The new edition of Mark Ribowsky’s He’s A Rebel: Phil Spector: Phil Rock and Roll’s Legendary Producer is there every step of the way: from his time as a 15-year-old teen pop star, to his years spent honing his craft in New York City with legendary Brill Building songwriters like Leiber and Stoller, to his triumphant rise as the music industry’s top producer. The book gives a detailed account of it all and while at times it gets bogged down in the minutiae of individual sessions and chart performances, it is a fascinating account of Spector’s staggering list of professional accomplishments. Ribowsky calls him a genius—and it’s no exaggeration.
As He’s A Rebel makes abundantly clear, however, even before 03 February 2003—the night he (allegedly) blew the bottom off Lana Clarkson’s face with a Colt Cobra .38—it was obvious to those who knew Spector that his derangement went far beyond the amusing. Ribowsky draws on scores of interviews with people from Spector’s past who knew him both personally and professionally, and while they have varying opinions on the matter of his guilt, there doesn’t seem to be a single one who disagrees for a moment that Phil Spector is anything but a vicious asshole. They call him “a snake”, “a lunatic” and someone who “just likes to torment people”. Together, they paint a grisly picture: of a husband who kept his wife a prisoner in their well-guarded home; of a father who abused his adopted sons; and of an alcoholic with an unpredictable temper who regularly forced people to do his biding at the end of a gun. This is not your typical rock ‘n’ roll misfit—by all accounts Spector is a truly cruel human being.
Ribowsky—who links Spector’s dysfunction with the childhood trauma of his father’s suicide—is clearly disturbed by his subject’s behaviour, particularly in light of recent events. Throughout his book, he’s wrestling with the question that so frequently plagues critics: to what extent do you have to qualify your admiration for a great artist who has led an abhorrent personal life?
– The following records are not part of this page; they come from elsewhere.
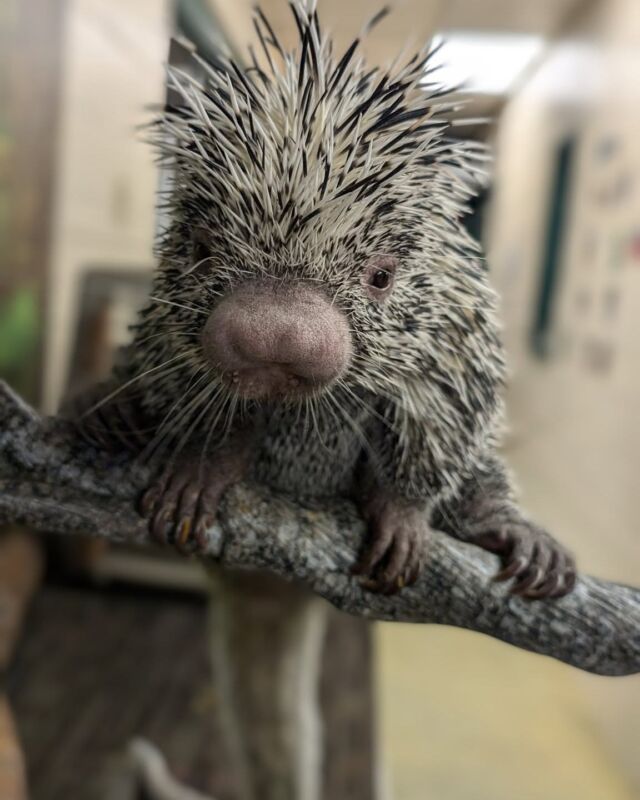 "I'm in love!" - You, probably, after meeting George, the prehensile-tailed porcupine. 😉
 
Did you know you can meet this handsome guy during an up-close encounter? Plan yours today>> bit.ly/rwpzoo_wildconnections

📸 Keeper Courtney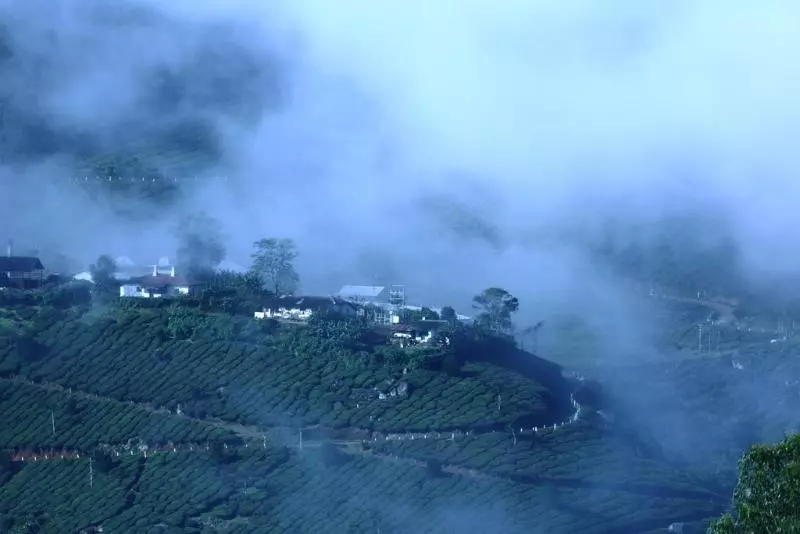 Fotos del hotel Fort Munnar:  7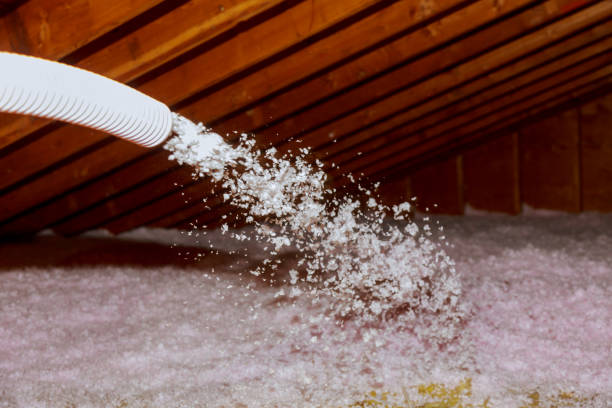 Best Garage Insulation Installation  in Crab Orchard, WV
And, like so many before him, Ribowsky’s solution is to separate the artist from the person. “[I]t is my hope that history will be able to delineate the legendary producer from the disoriented sluggard in the back of that police cruiser,” he says at the end of his introduction to the new edition. “Let’s not forget that America once had its own Mozart and that his name was Phil Spector.”
Even the legendary Wall of Sound itself was only possible thanks to his heartless treatment of artists and sessions musicians in the studio—forcing them to work long into the night while he perfected his sound, keeping them in line through whatever means he found necessary. If Phil Spector weren’t a jerk, we would never have even heard of him; if he weren’t a tyrant, there would have been no “Be My Baby”, no “Instant Karma” and no “Rock and Roll High School”.